A new computational framework that harnesses the power of machine learning could provide actionable insight to help prevent contact model failures and revolutionise safe freezing of vital medicines and vaccines, say scientists. This innovative study has supported for the identification of a new cryoprotectant molecule that can prevent ice crystal growth during freezing and thawing, an achilles heels in cryopreservation.
Realizing the Potential of Cryopreservation
Rapid freezing is essential for the preservation of many life-saving treatments, including vaccines and fertility materials as well blood donations, and cancer therapies. The researchers call these molecules — which are used in a process called “freezing” to help the treatments work — “cryoprotectants.
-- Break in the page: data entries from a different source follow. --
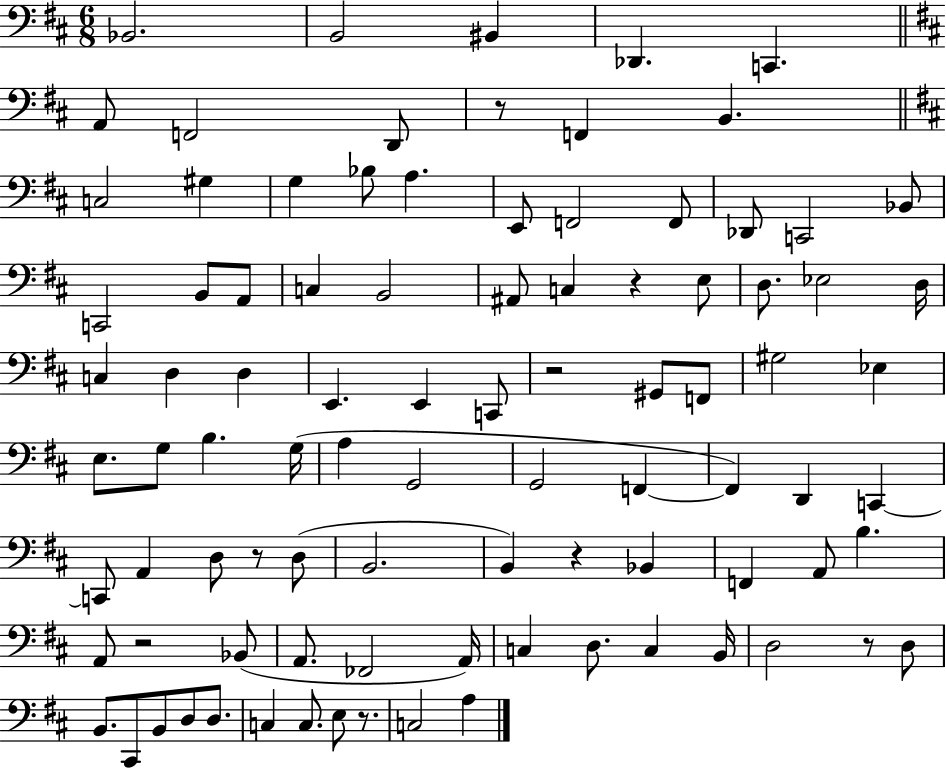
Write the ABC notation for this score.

X:1
T:Untitled
M:6/8
L:1/4
K:D
_B,,2 B,,2 ^B,, _D,, C,, A,,/2 F,,2 D,,/2 z/2 F,, B,, C,2 ^G, G, _B,/2 A, E,,/2 F,,2 F,,/2 _D,,/2 C,,2 _B,,/2 C,,2 B,,/2 A,,/2 C, B,,2 ^A,,/2 C, z E,/2 D,/2 _E,2 D,/4 C, D, D, E,, E,, C,,/2 z2 ^G,,/2 F,,/2 ^G,2 _E, E,/2 G,/2 B, G,/4 A, G,,2 G,,2 F,, F,, D,, C,, C,,/2 A,, D,/2 z/2 D,/2 B,,2 B,, z _B,, F,, A,,/2 B, A,,/2 z2 _B,,/2 A,,/2 _F,,2 A,,/4 C, D,/2 C, B,,/4 D,2 z/2 D,/2 B,,/2 ^C,,/2 B,,/2 D,/2 D,/2 C, C,/2 E,/2 z/2 C,2 A,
Or these therapies would need to be used in a limited and unforesightful fashion or, even worse, not available for immediate use in the future at all due to the lack of cryopreservation. Nevertheless, the present trial-and-error approaches in identifying new cryoprotectants are very expensive and time-consuming which is a bottleneck for exploration in this area.
Experts from the University of Warwick and the University of Manchester have managed to come up with an innovative solution by making use of machine learning. Their new framing device for the code should enable hundreds of molecules to be tested by computer, reducing the discovery process and opening the way towards better cryoprotectants.
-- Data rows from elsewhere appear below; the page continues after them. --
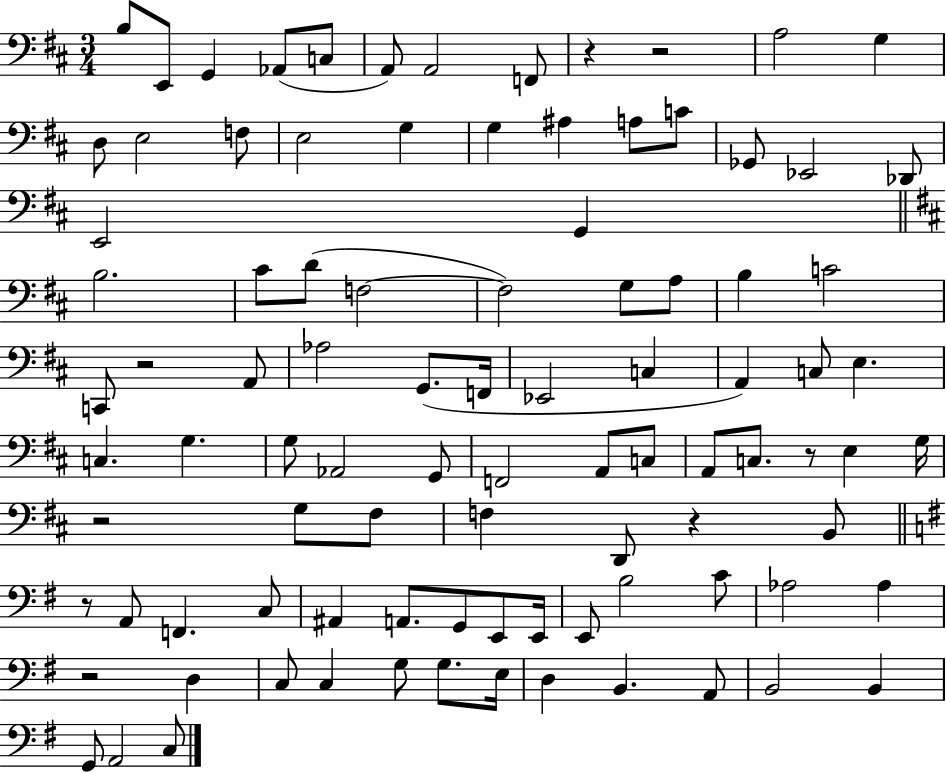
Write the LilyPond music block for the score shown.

{
  \clef bass
  \numericTimeSignature
  \time 3/4
  \key d \major
  b8 e,8 g,4 aes,8( c8 | a,8) a,2 f,8 | r4 r2 | a2 g4 | \break d8 e2 f8 | e2 g4 | g4 ais4 a8 c'8 | ges,8 ees,2 des,8 | \break e,2 g,4 | \bar "||" \break \key b \minor b2. | cis'8 d'8( f2~~ | f2) g8 a8 | b4 c'2 | \break c,8 r2 a,8 | aes2 g,8.( f,16 | ees,2 c4 | a,4) c8 e4. | \break c4. g4. | g8 aes,2 g,8 | f,2 a,8 c8 | a,8 c8. r8 e4 g16 | \break r2 g8 fis8 | f4 d,8 r4 b,8 | \bar "||" \break \key e \minor r8 a,8 f,4. c8 | ais,4 a,8. g,8 e,8 e,16 | e,8 b2 c'8 | aes2 aes4 | \break r2 d4 | c8 c4 g8 g8. e16 | d4 b,4. a,8 | b,2 b,4 | \break g,8 a,2 c8 | \bar "|."
}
Combining Molecular Simulations and Machine Learning
You cannot just take a dataset, sprinkle it with a machine learning algorithm and interpret the output as science —”Prof Gabriele Sosso, from Warwick, who led the research. This particular example suggested use of it by a team as part of their suite of tools, and was successful because, among other things, it neatly complemented molecular simulations and most crucially could be used in the context of well-done experiments.
With a computer model, the researchers guided through massive libraries of chemical compounds to identify those that would make for the best cryoprotectants. For the team, this data-driven method is a huge leap from conventional trial-and-error strategies, which allows the group to concentrate on regions where human imagination and experience are still needed.
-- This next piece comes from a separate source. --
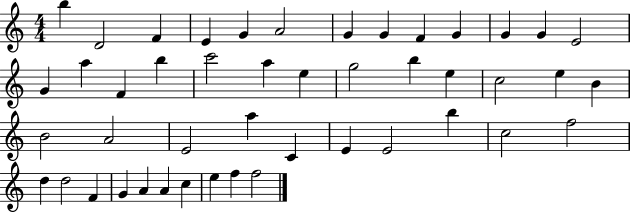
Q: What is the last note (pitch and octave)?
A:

Dr. Matt Warren, the Ph. MIT D. student, who led the project, says its machine learning-powered technique has promise He noted that “for years, we’ve labored long hours to collect data in the lab, and it’s both exhilarating and encouraging to finally have a machine learning model it at our disposal for data-driven predictions of cryoprotective activity.
Conclusion
The search for a new type of cryoprotectant molecule that inhibits the formation of ice crystals during freezing and thawing is thus an important advancement in the field of cryopreservation. This advance could be important for identifying new cryoprotectants more quickly, and it might help to repurpose molecules that are already known to slow or halt ice growth. Using machine learning, the researchers have established a new paradigm for discovering cryoprotectants that could produce more powerful and broadly applicable life-saving therapies.